---------- DATA SHOWN
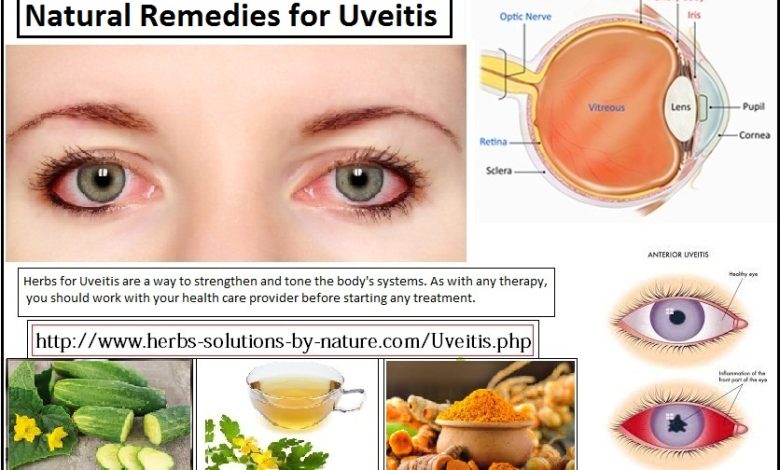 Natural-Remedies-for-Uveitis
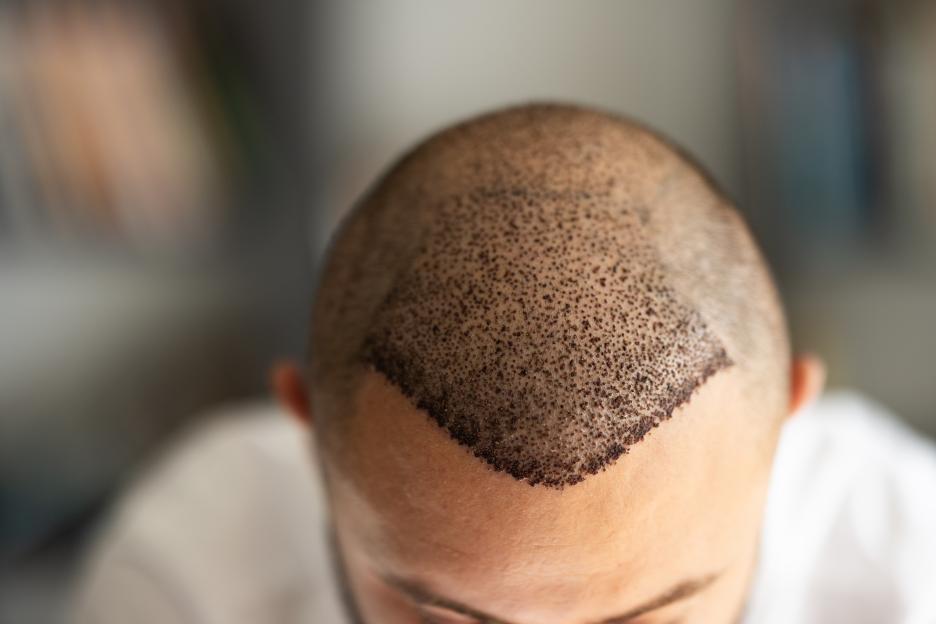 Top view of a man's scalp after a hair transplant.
--------------------
---------- DATA SHOWN
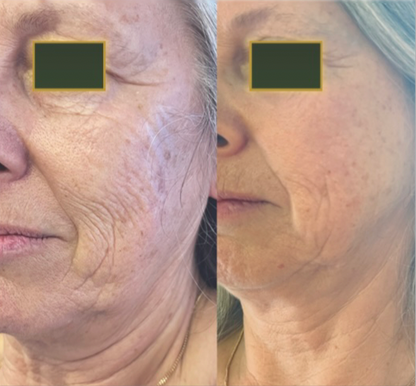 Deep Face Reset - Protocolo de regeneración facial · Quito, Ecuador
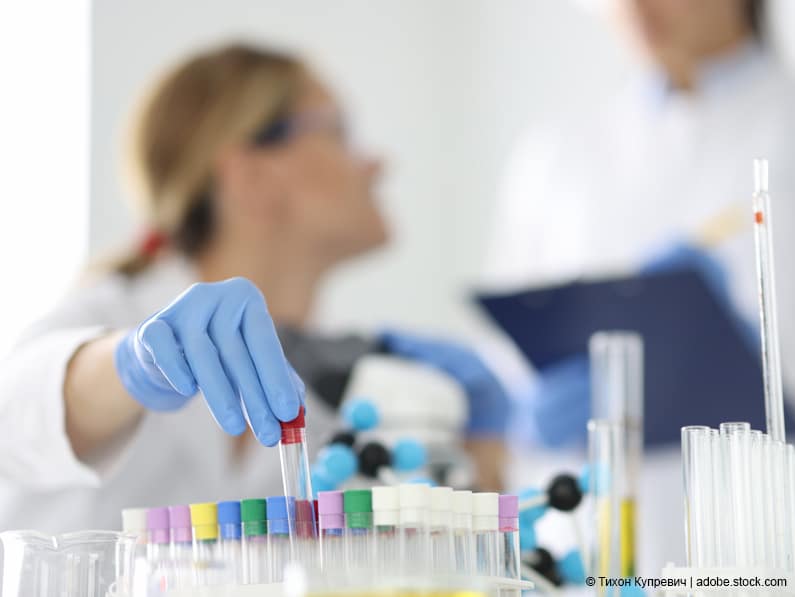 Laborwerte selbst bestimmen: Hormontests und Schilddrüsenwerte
--------------------
Pictures are to be left out. Write out only the lines above starting at the one with "Natural-Remedies-for-Uveitis" and ending at the one with "Top view of", both lines included, exactly.

 Natural-Remedies-for-Uveitis
 Top view of a man's scalp after a hair transplant.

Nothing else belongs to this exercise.